■ Required work ■
Give back every line of the material below exactly, but no images.

[Opening Supplied information section]

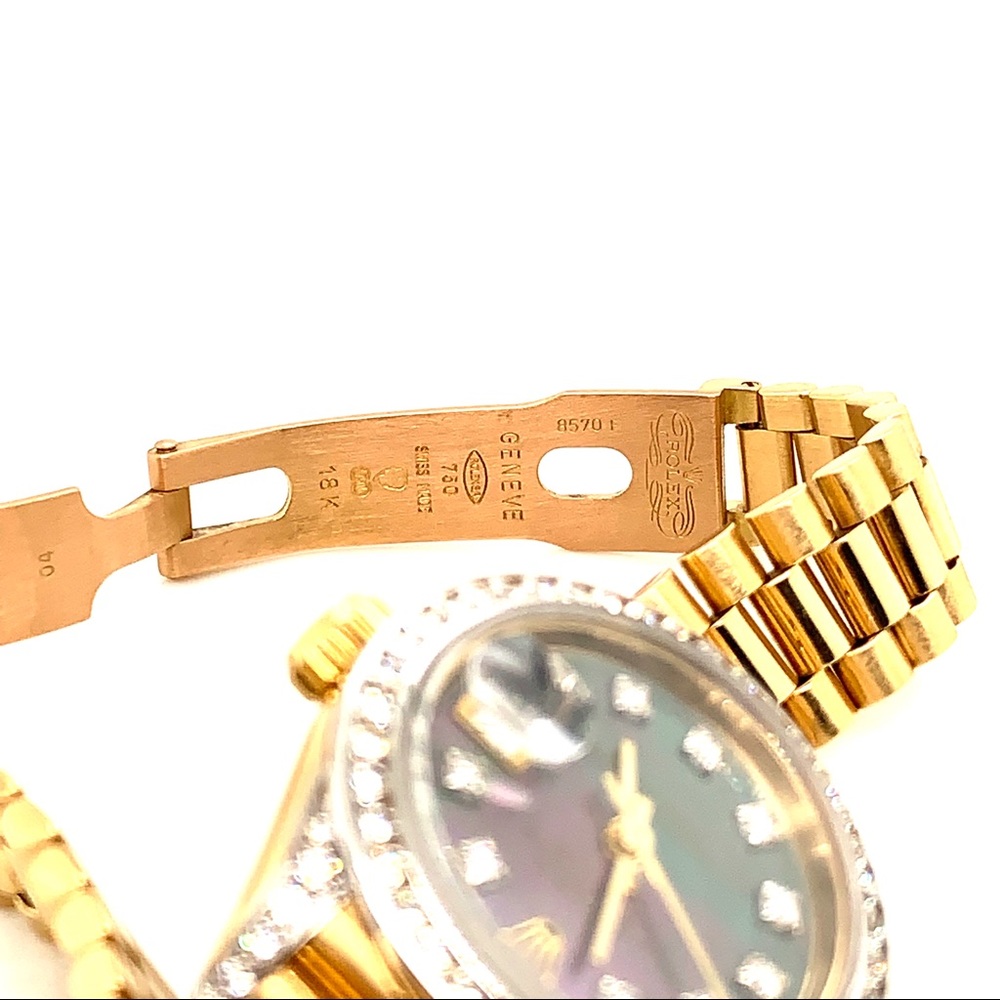 SOLD 18K Yellow Gold Oyster Perpetual Datejust 🖤 - Picture 8 of 11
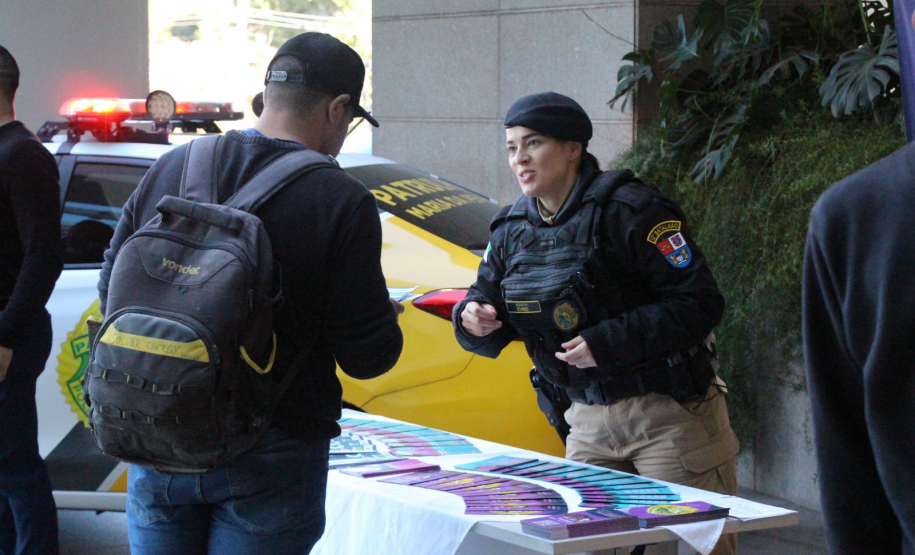 PMPR celebra 171 anos com exposição em shoppings e ações interativas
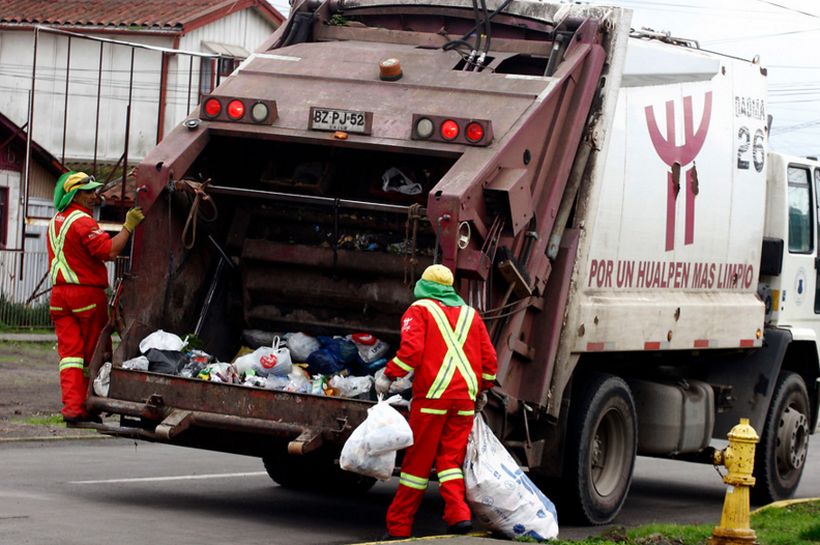 Recolectores de basura amenazan con paro en Santiago para este martes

[Closing Supplied information section]

■ Result for this task ■
 SOLD 18K Yellow Gold Oyster Perpetual Datejust 🖤 - Picture 8 of 11
 PMPR celebra 171 anos com exposição em shoppings e ações interativas
 Recolectores de basura amenazan con paro en Santiago para este martes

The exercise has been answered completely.